StructTable-base
Property | Value |
---|---|
Parameter Count | 324M |
License | Apache 2.0 |
Paper | arXiv:2406.11633 |
Languages | English, Chinese |
Model Type | Image-to-Text |
What is StructTable-base?
StructTable-base is a specialized AI model designed to convert table images into LaTeX code, particularly focusing on scientific documents. Trained on the DocGenome benchmark, it processes complex tables with merged cells and sophisticated layouts from sources like arXiv and SciHub papers.
Implementation Details
The model implements a transformer-based architecture with 324M parameters, utilizing the pix2struct framework for image-to-text conversion. It supports both 4096 and 2048 image token configurations, with the latest version featuring enhanced inference speed through TensorRT acceleration.
- Supports Times New Roman and Songti (宋体) fonts primarily
- Implements TensorRT-LLM for 10x faster inference
- Processes merged cells and complex table structures
- Outputs in LaTeX format with HTML/Markdown conversion options
Core Capabilities
- Table structure extraction and conversion to LaTeX
- Multi-lingual support (English and Chinese)
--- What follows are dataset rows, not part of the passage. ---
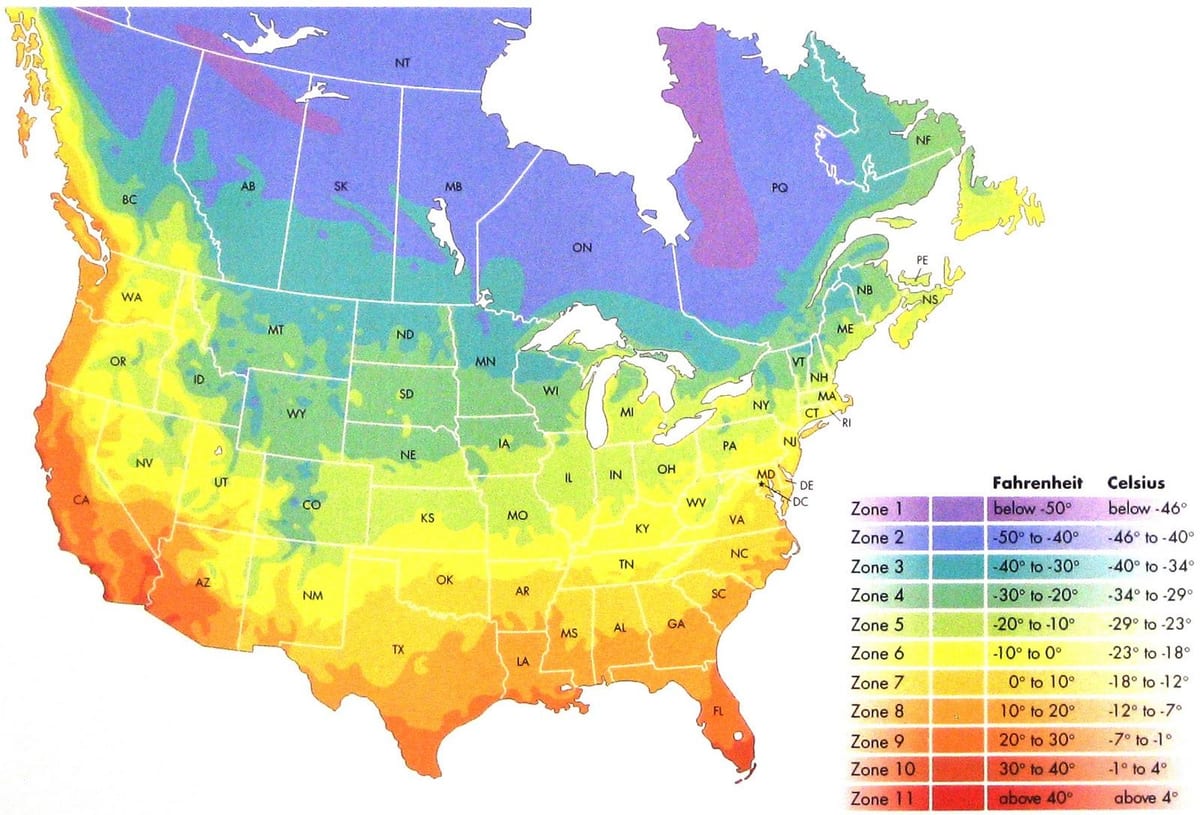 Canada de la température de la carte des zones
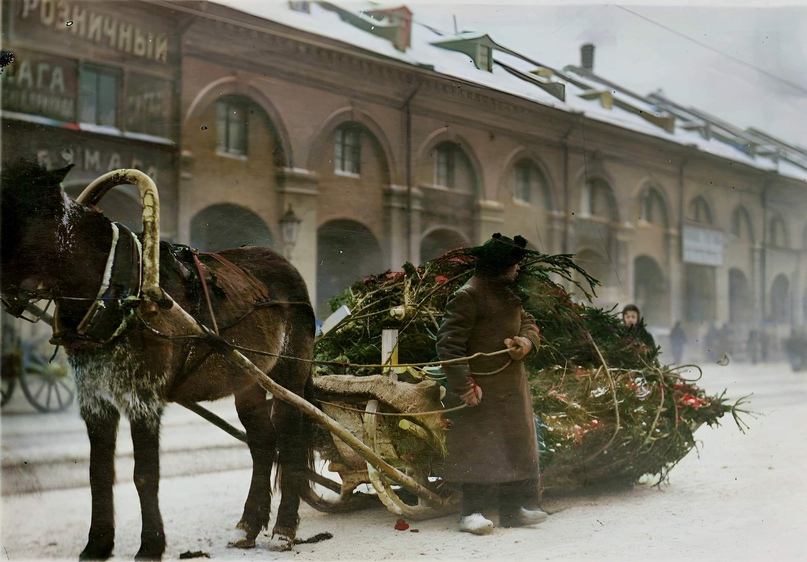 How was the New Year celebrated in pre-revolutionary Russia? 15 historical photographs in color - My, Old photo, Colorization, The photo, Story, New Year, Christmas, Holidays, 20th century, Longpost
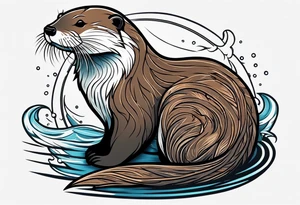 Traditional 
Otter tattoo idea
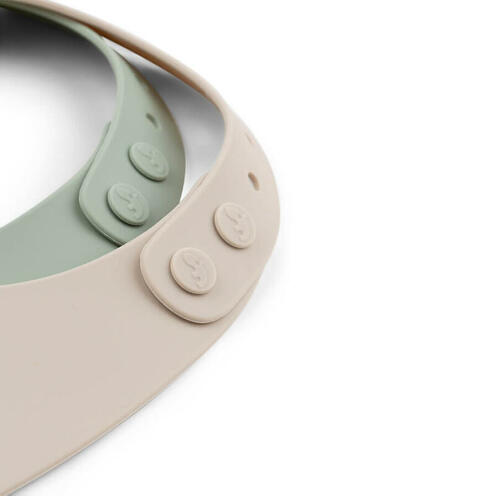 Lot de 2 Bavoirs Silicone LALEE Sable/Vert - DONE BY DEER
- Scientific document table processing
- High-speed inference (≈1 second on A100 GPU)
- Format conversion flexibility (LaTeX, HTML, Markdown)
Frequently Asked Questions
Q: What makes this model unique?
StructTable-base stands out for its specialized focus on scientific table processing and its ability to handle complex table structures while maintaining high accuracy and processing speed. The integration with TensorRT-LLM for acceleration makes it particularly suitable for production environments.
Q: What are the recommended use cases?
The model is best suited for converting scientific document tables, particularly from arXiv and SciHub papers, into LaTeX code. It's ideal for academic document processing, scientific research, and automated document conversion systems where accurate table structure preservation is crucial.